Integrated Case: Connecting the Three Main Steps

Using an e-commerce advertising budget decision, this case walks through the full decision path: correlation analysis, regression analysis, and hypothesis testing.

🛒

Business Context: E-Commerce Advertising Budget Decision

An e-commerce marketing team wants to know whether increasing the Google Ads budget can truly raise sales, and wants to build a model to forecast an effective spending level.

1
Correlation Analysis
Are ad spend and sales related?
Correlation Coefficient r
0.89
Correlation Strength
Strong positive correlation
Sample Size
24 months
  • r = 0.89 → ad spend and sales have a strong positive correlation and move in the same direction
  • The scatter plot shows no obvious nonlinear trend, so a linear model is appropriate
Conclusion:Ad spend and sales show a strong linear relationship (r = 0.89), so it is worth building a regression model to quantify the relationship.
2
Regression Analysis
How much does sales increase for each additional NT$10,000 of ad spend?
Ŷ = 12.5 + 4.2 × X (Unit: NT$10,000)
Intercept α
12.5
Slope β
4.2
0.79
  • Intercept 12.5: even without advertising, the brand still has a baseline level of organic sales
  • Slope 4.2: each additional NT$10,000 in ad spend predicts roughly NT$42,000 in additional sales
  • R² = 0.79: ad spend explains 79% of the variation in sales, indicating good fit
  • The residual plot is randomly scattered with no systematic bias, supporting model credibility
Forecasting application:If next month’s ad budget is NT$200,000 → predicted sales = 12.5 + 4.2 × 20 = NT$965,000.
Conclusion:Each NT$10,000 of ad spend is associated with approximately NT$42,000 in incremental sales, implying an ROI of about 4.2x.
3
Hypothesis Testing HTAB
Does this effect truly exist statistically?
H
Hypothesis
H₀: β = 0 (ads have no effect)
Hₐ: β ≠ 0 (ads have an effect)
T
Test
α = 0.05
two-tailed t-test
A
Action
p = 0.0003
p < 0.05 → reject H₀
B
Business Meaning
Advertising has a statistically significant effect on sales; continued investment is recommended
p-value
0.0003
Significance Level α
0.05
Test Result
Reject H₀
  • p = 0.0003 is far below α = 0.05 → strongly reject H₀
  • The positive effect of ad spend on sales is statistically significant and unlikely to be random chance
Conclusion:β is significantly different from zero (p = 0.0003), statistically establishing the effect of advertising on sales.
D
Substantive Hypothesis Assessment
Is this statistical result worth taking business action on?
Step 1 · Correlation Analysis
Is there a relationship?
r = 0.89, strong positive correlation
Step 2 · Regression Analysis
How large is the effect?
Each NT$10,000 brings NT$42,000 in sales
Step 3 · Hypothesis Testing
Is the result credible?
p = 0.0003, statistically significant
🚀
Business decision:All three statistical results support increasing the advertising budget.
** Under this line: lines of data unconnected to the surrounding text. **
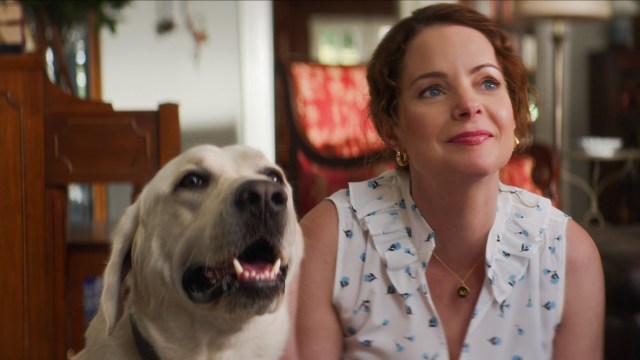 A Heartwarming True Story About a Dog Finds Home in the Netflix Top 10 - Vimarsana News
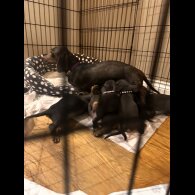 Dachshund (Miniature Smooth Haired)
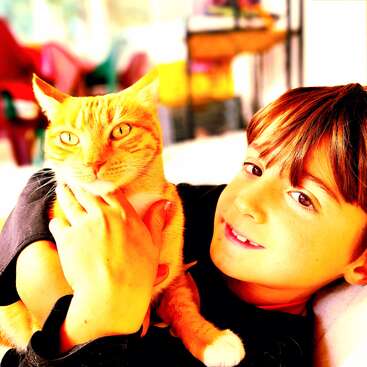 A smiling child holds a ginger cat close, both faces bright and content. The background is colorful and blurred, highlighting their warm and affectionate bond.
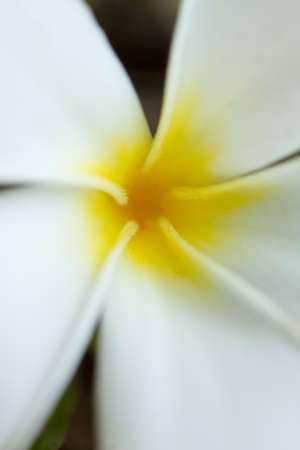 the lovely flower in gardenの写真素材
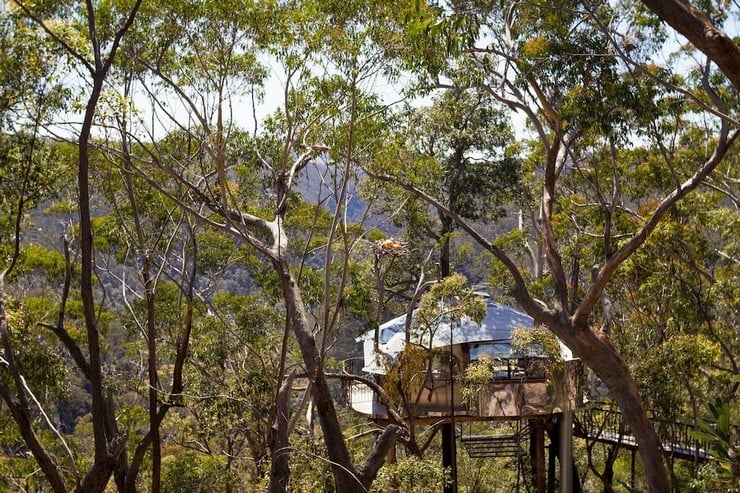 treehouse-blue-mountains-8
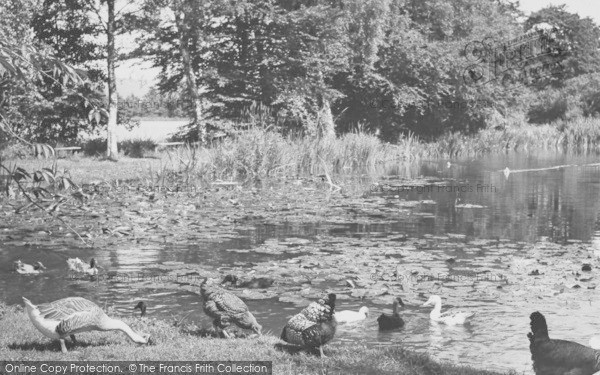 Photo of Musbury, Ashe Pond, Ashe House c.1965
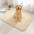 Alfombra para mascotas de felpa gruesa, absorbente y resistente al barro para patas sucias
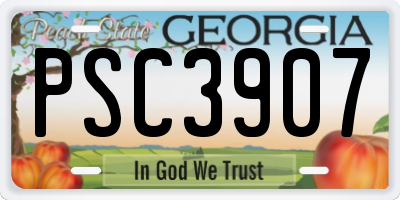 GA license plate PSC3907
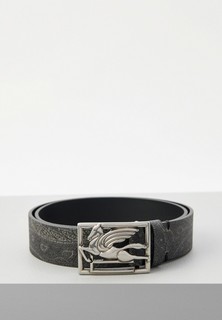 Ремень Etro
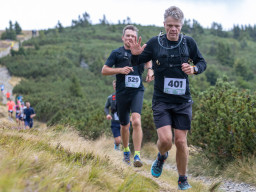 Jesenický maraton 2025. Autor: Daniel Nováček (https://eu.zonerama.com/DNdanfoto)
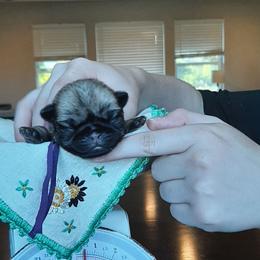 Honey - purple collar - Fawn female Pug puppy in Saint Helens, Oregon from Ebert Golden Retrievers & Pugs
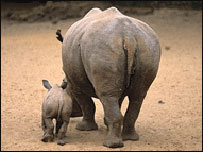 Two rhinos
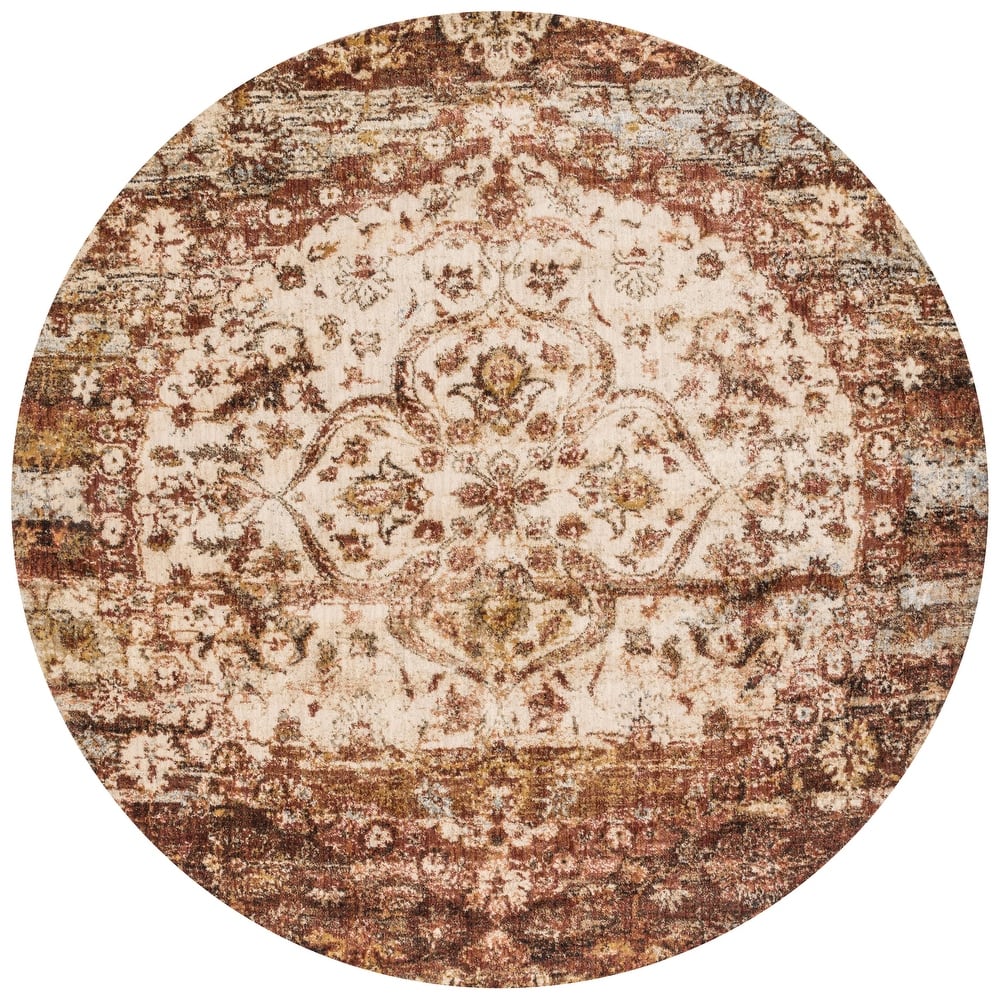 Alexander Home Contessa Distressed Transitional Medallion Rug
With an ROI of about 4.2x and strong statistical significance, the marketing team should increase Google Ads spending and continue updating the model over time.
⚠️
Caution:Statistical significance does not automatically mean the business should act. The final budget decision should still consider ad cost, market saturation, and the opportunity cost of other marketing channels.

Three Rules for Analysis

Put these principles into every data analysis and business decision checklist.

01 | Correlation ≠ Causation Correlation analysis only shows that variables move together. Causal claims require experimental design or more rigorous research.
02 | Look at the Plot Before the Numbers Inspect residual plots and data distributions before interpreting R² and p-values, so a single number does not mislead the model assessment.
03 | Significant ≠ Important Statistical significance is only a threshold. Use a substantive hypothesis to evaluate effect size, cost-effectiveness, and strategic value.